[Chapter-delegates] Issues facing Chapters
Chris Mulola
chris.mulola at gmail.com
Wed May 21 13:01:36 PDT 2014
Hi Gihan, Alexandro, Charles and all,
Africa is totally particular in its ways, here in Rwanda for a newspaper to
write about an event you have organized, you have to call the owner, pay
him and he will write about you.
For RwIGF, which is our national IGF, we have no funding issues as the
government promotes the event, the only issue is that it lacks activities,
it is only active before the East African one. In KENYA, people like Alice
Munyua will always get you funds for your local IGF. And for the EAIGF,
ISOC African Bureau always takes care of that, they pay mostly for 2
candidates from each eastafrican country to participate.

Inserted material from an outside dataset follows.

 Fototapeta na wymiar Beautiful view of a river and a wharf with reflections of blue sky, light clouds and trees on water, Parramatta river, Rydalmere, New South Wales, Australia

THE ONLY MISTAKE that we have always been FIGHTING is ISOC giving those
funds to local governments instead of channeling that aid through local
chapters. Now this is the time for Tanzania and Tanzania does not even
have a chapter, i guess eaigf aid should go through a chapter in a
neighboring country to arrange for people to participate in EAigf in Dar
Es Salam. This will demonstrate again how ISOC global values its chapter
and push Tanzania into also starting a chapter, we should be always
diplomatic. Last time, support went through ISOC Burundi - the last eaigf
had been announced to take place in Burundi - and it was great.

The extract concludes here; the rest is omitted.